JACKSONVILLE, Fla., July 24 /PRNewswire-FirstCall/ -- Jacksonville Bancorp, Inc. (Nasdaq: JAXB), holding company for The Jacksonville Bank, reported the Company had a second quarter net loss of $840 thousand, compared to net income of $694 thousand in 2007. Total assets were $424 million at June 30, 2008, compared to $392 million at December 31, 2007 and $368 million at June 30, 2007. Period end loans increased by $31.9 million, or 9.4% (19% annualized), for the six-month period from December 31, 2007, and by $51.7 million, or 16.0%, from June 30, 2007. Noninterest-bearing accounts increased by $4.0 million, or 11.4%, from December 31, 2007.

    (Logo:  http://www.newscom.com/cgi-bin/prnh/20020410/JAXBLOGO )

    There were four significant events that led to the loss for the quarter:

-- The termination of the agreement to acquire Heritage Bancshares, Inc. on June 24, 2008 resulted in $430 thousand in merger-related costs that were all expensed in the second quarter. This amount consisted primarily of professional fees, system conversions and communication expenses. There are no additional expenses expected from the termination in future quarters.

-- The Company had net loan charge-offs (excluding overdrafts as discussed below) of $638 thousand during the quarter, driven by the charge-off of one customer relationship in the amount of $419 thousand that resulted from fraudulent activity in the customer's business. The Company is still vigorously pursuing collection despite the charge-off.

-- The Company experienced an additional charge-off of $158 thousand on an overdrawn depository account from a non-loan customer.

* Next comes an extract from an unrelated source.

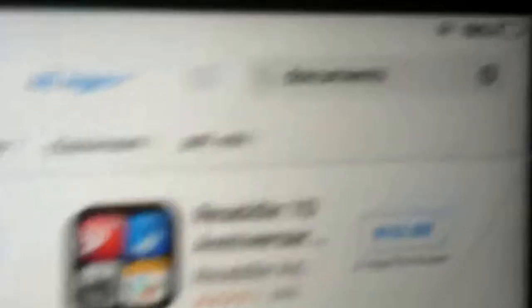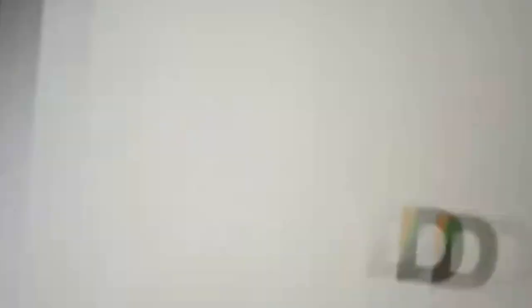The app is called Documents — it's the one with the D. I already have it. You need iOS 9 to download it. We're gonna go ahead and open Documents.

The Company is vigorously pursuing collection. There are no additional monies owed to the company by this customer.

-- Provision expense was increased to $1.8 million for the second quarter of 2008, compared to $201 thousand in the second quarter of 2007 and $363 thousand for the first quarter in 2008. In response to continued slowing economic activity and softening real estate values, the allowance for loan losses was increased to 1.12% of total loans at June 30, compared to .94% for the comparable period in 2007.

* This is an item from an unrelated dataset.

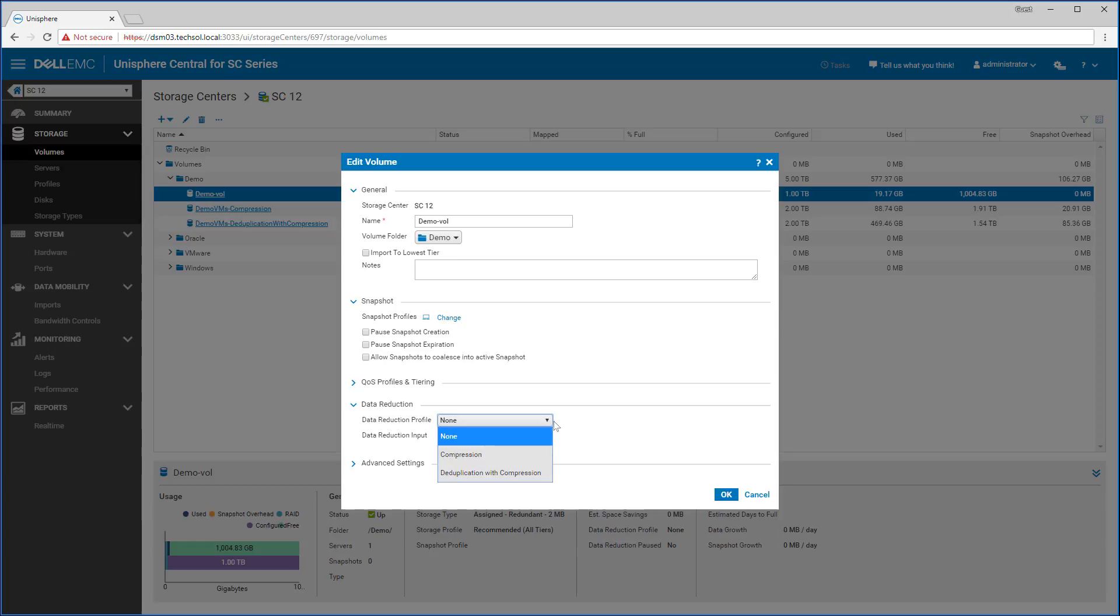The data reduction profile section allows you to choose which reduction technique to use on each volume. The choices are to either use compression or deduplication with compression. Depending upon the volume's workload and the type of data contained in the volume, each reduction method can have different effects on the efficiency and overall latency of the volume. Performing tests within your environment is highly recommended to determine which data reduction method is best suited for your application.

Jacksonville Bancorp, Inc. President and CEO Gilbert J. Pomar, III stated, "This was an unusual quarter where we had several large unique events that negatively affected our earnings. We believe the termination of the Heritage acquisition, while costly this quarter, was in the shareholders' long-term best interests. The two large charge-offs highlighted were unrelated to what is going on in the real estate market. Nonetheless, the Company is reacting aggressively to changes in current market conditions."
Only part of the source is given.